## Data to examine

┄┄┄┄┄┄┄┄┄┄┄┄┄┄┄┄┄┄┄┄

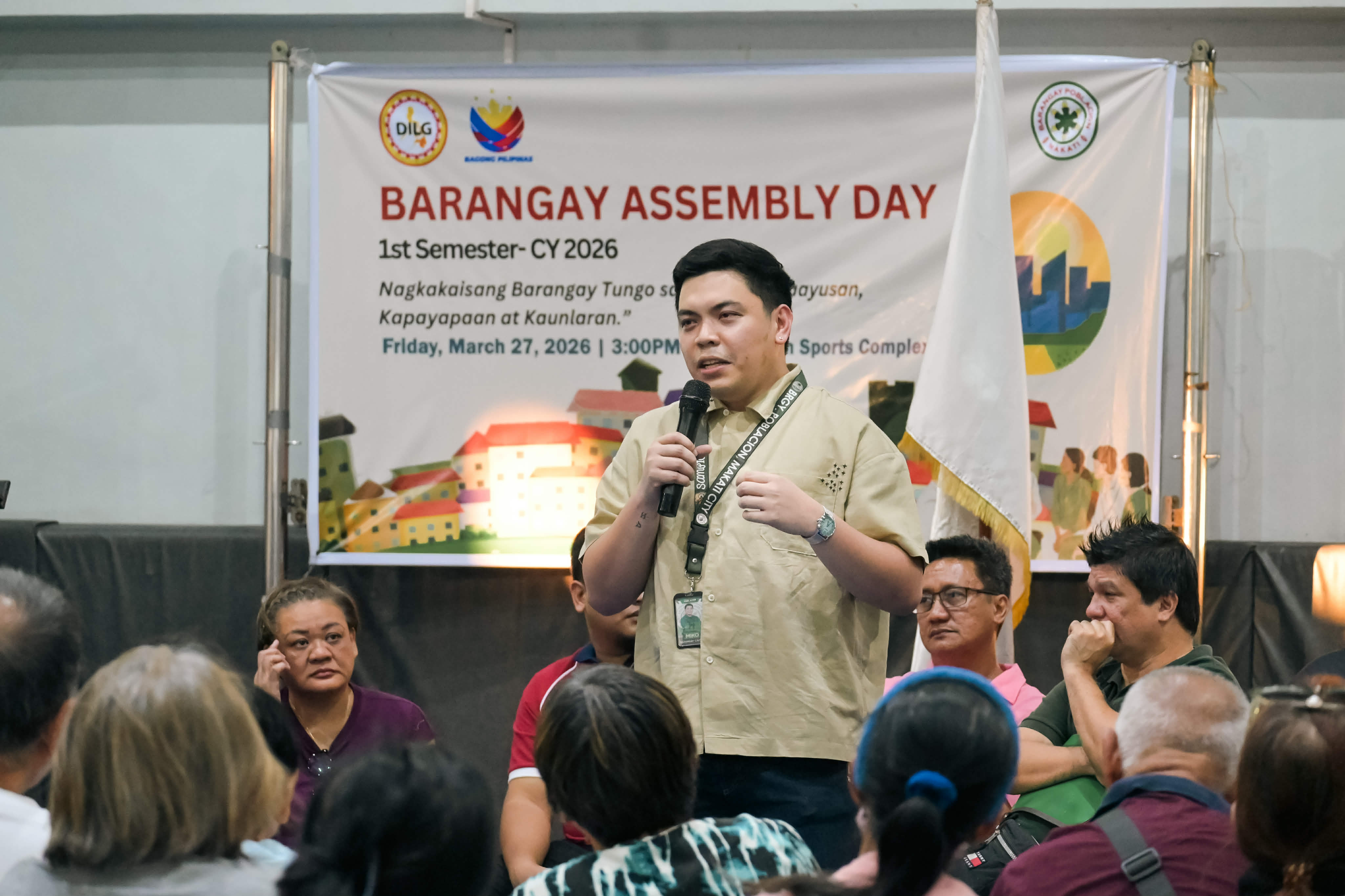 Barangay Assembly 2026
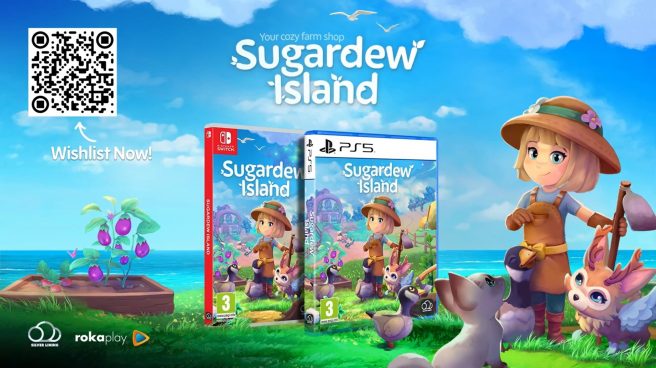 Sugardew Island physical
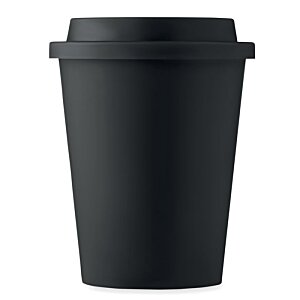 Additional Image 3 - a black cup with a lid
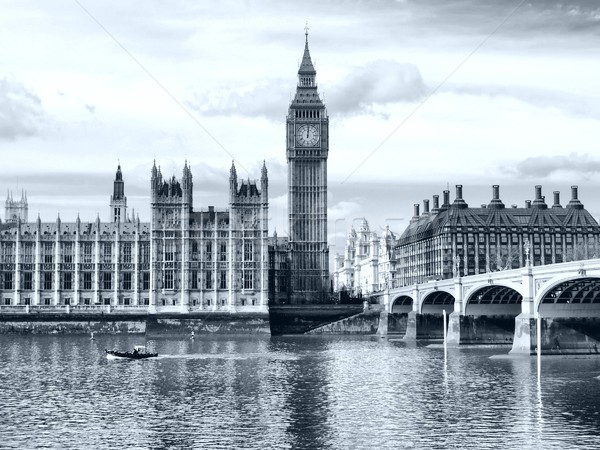 Stock fotó: Házak · parlament · Westminster · palota · London · gótikus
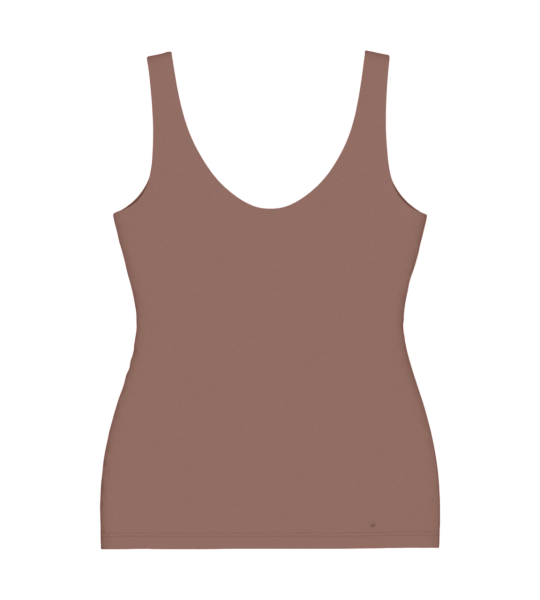 Dámska košeľa Smart Natural - BROWN - hnedá 6901 - TRIUMPH BROWN 02
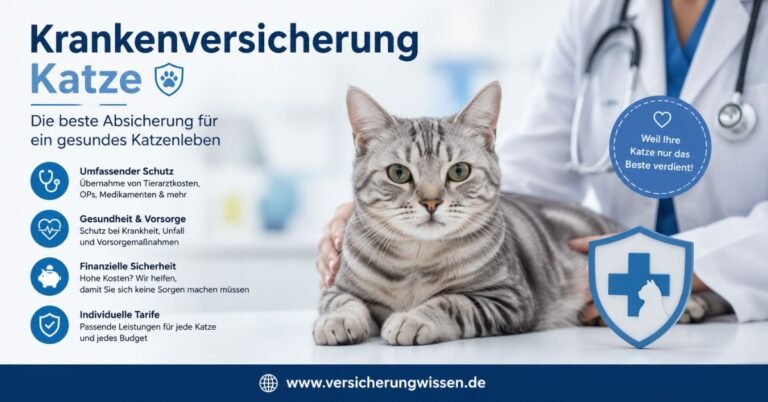 krankenversicherung katze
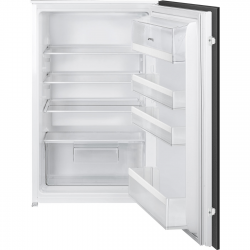 Inbouw Enkeldeurs koelkast 142L 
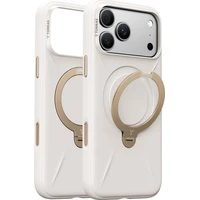 Torras Ostand Q3 Silicone MagSafe kryt iPhone 18 Pro bílý - Pouzdra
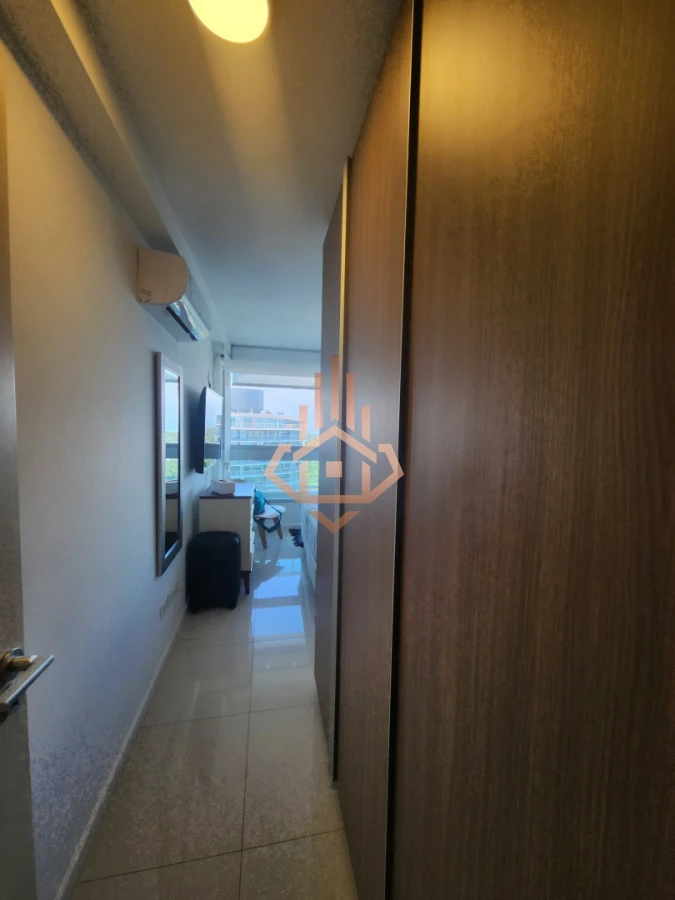 En venta apartamento de 1 dormitorio, con excelente vista en Roosevelt, Punta del Este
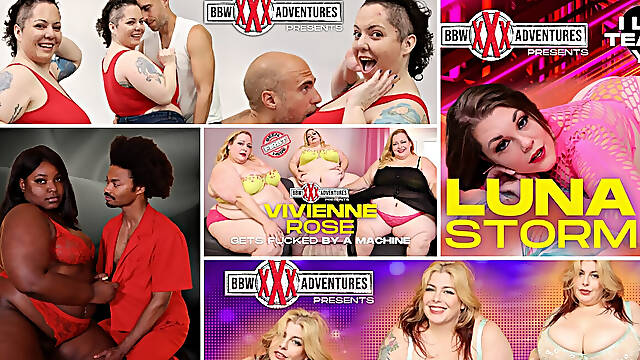 Compilation Of NEW BBW XXX Adventures Of Erotic Scenes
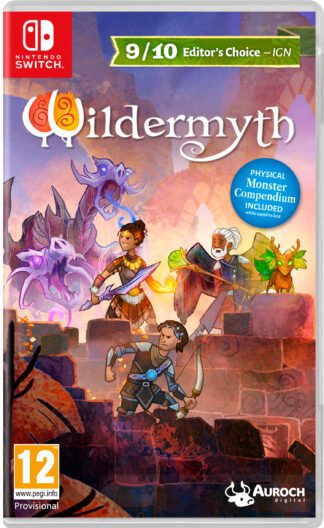 Wildermyth Switch Front Cover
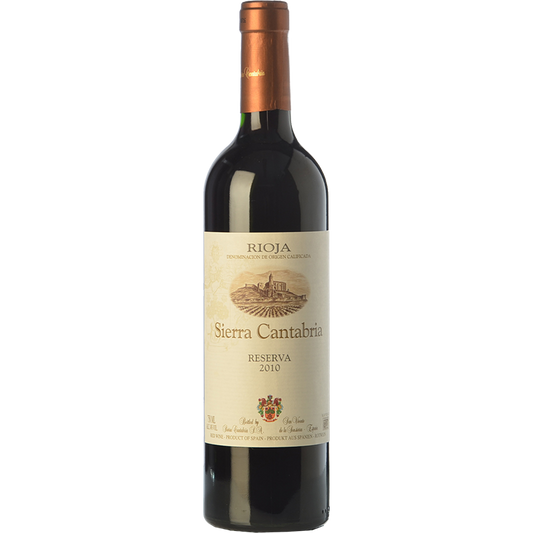 Sierra Cantabria Reserva 2016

┄┄┄┄┄┄┄┄┄┄┄┄┄┄┄┄┄┄┄┄

## Task directions
Write the lines out exactly, beginning at the line that holds "Stock fotó: Házak" and stopping after the last line of the entries; include no pictures.

## Result of this task
 Stock fotó: Házak · parlament · Westminster · palota · London · gótikus
 Dámska košeľa Smart Natural - BROWN - hnedá 6901 - TRIUMPH BROWN 02
 krankenversicherung katze
 Inbouw Enkeldeurs koelkast 142L 
 Torras Ostand Q3 Silicone MagSafe kryt iPhone 18 Pro bílý - Pouzdra
 En venta apartamento de 1 dormitorio, con excelente vista en Roosevelt, Punta del Este
 Compilation Of NEW BBW XXX Adventures Of Erotic Scenes
 Wildermyth Switch Front Cover
 Sierra Cantabria Reserva 2016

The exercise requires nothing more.